◆ Task directions ◆
The reply should be an exact repeat of the listing, with no pictures in it.

..........

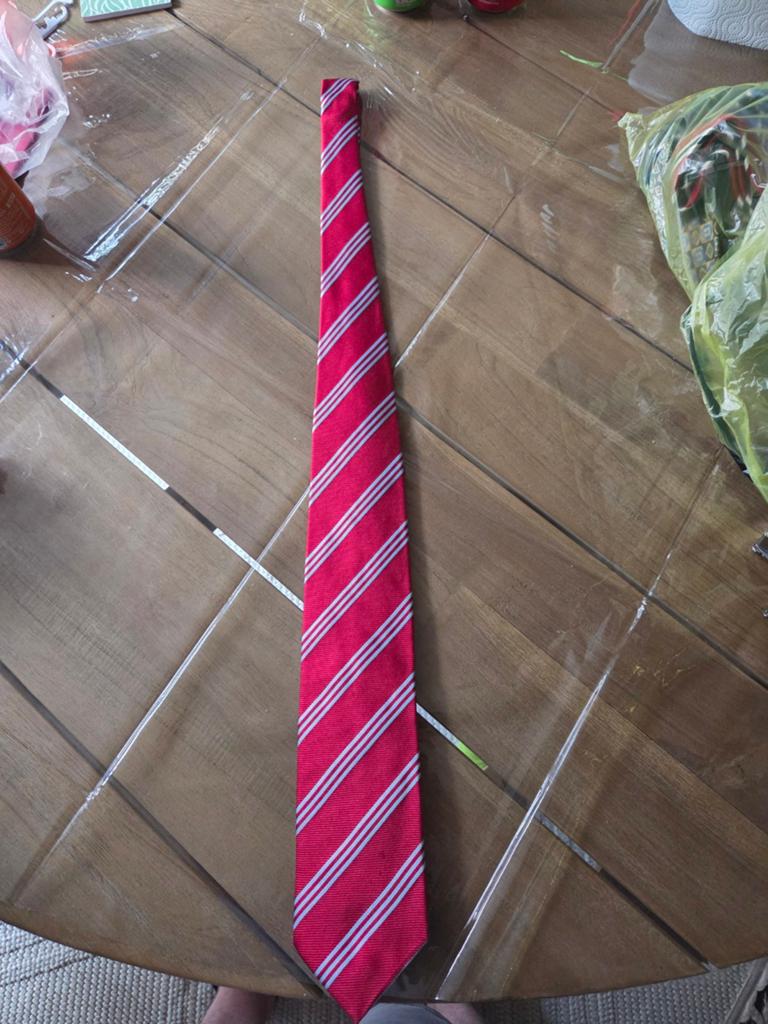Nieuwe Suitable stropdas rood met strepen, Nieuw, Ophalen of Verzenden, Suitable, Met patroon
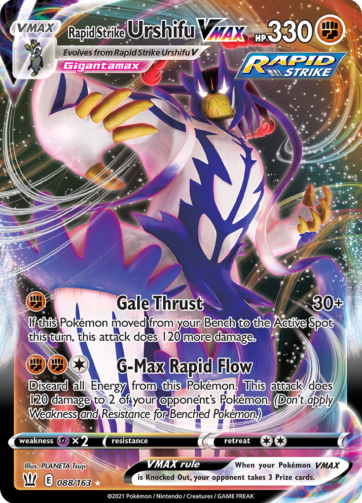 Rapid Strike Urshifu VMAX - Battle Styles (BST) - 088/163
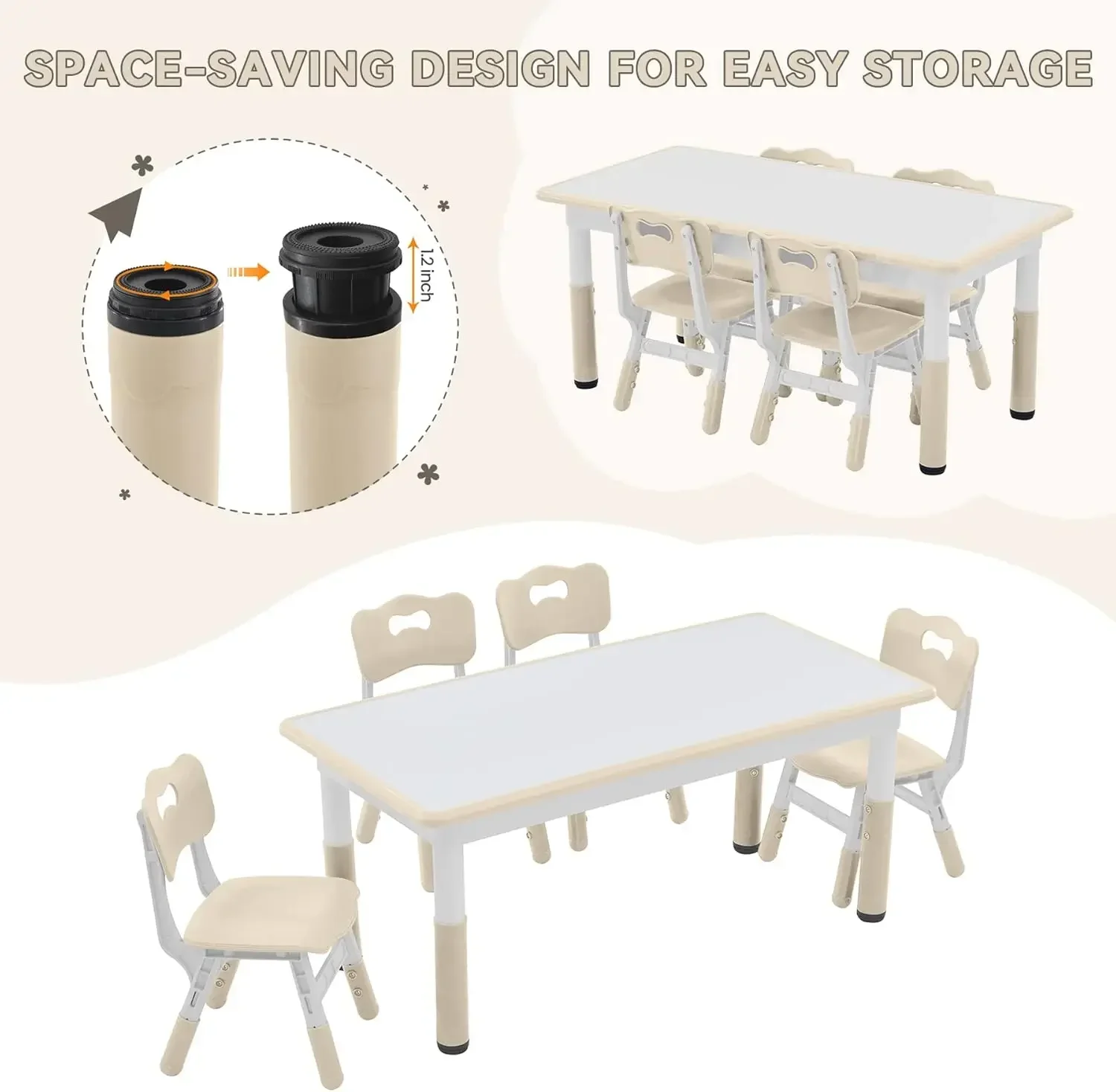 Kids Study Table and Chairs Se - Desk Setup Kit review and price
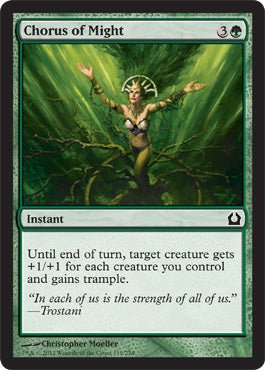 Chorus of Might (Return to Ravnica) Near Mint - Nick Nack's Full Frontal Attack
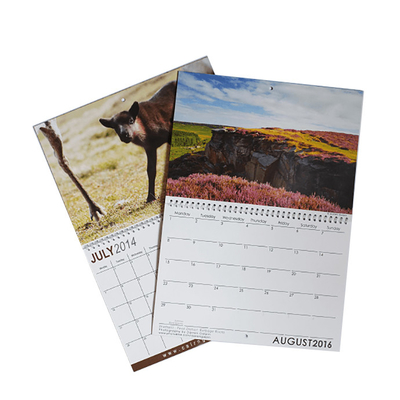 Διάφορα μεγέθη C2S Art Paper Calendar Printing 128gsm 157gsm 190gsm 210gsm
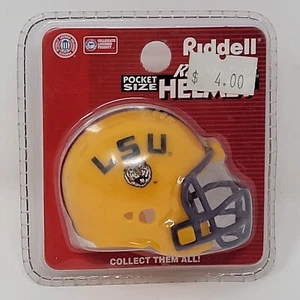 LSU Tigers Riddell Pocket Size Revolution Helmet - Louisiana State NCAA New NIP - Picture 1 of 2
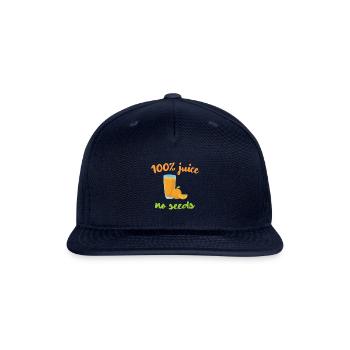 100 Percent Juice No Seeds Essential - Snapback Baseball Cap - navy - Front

..........

◆ Response area ◆
Nieuwe Suitable stropdas rood met strepen, Nieuw, Ophalen of Verzenden, Suitable, Met patroon
 Rapid Strike Urshifu VMAX - Battle Styles (BST) - 088/163
 Kids Study Table and Chairs Se - Desk Setup Kit review and price
 Chorus of Might (Return to Ravnica) Near Mint - Nick Nack's Full Frontal Attack
 Διάφορα μεγέθη C2S Art Paper Calendar Printing 128gsm 157gsm 190gsm 210gsm
 LSU Tigers Riddell Pocket Size Revolution Helmet - Louisiana State NCAA New NIP - Picture 1 of 2
 100 Percent Juice No Seeds Essential - Snapback Baseball Cap - navy - Front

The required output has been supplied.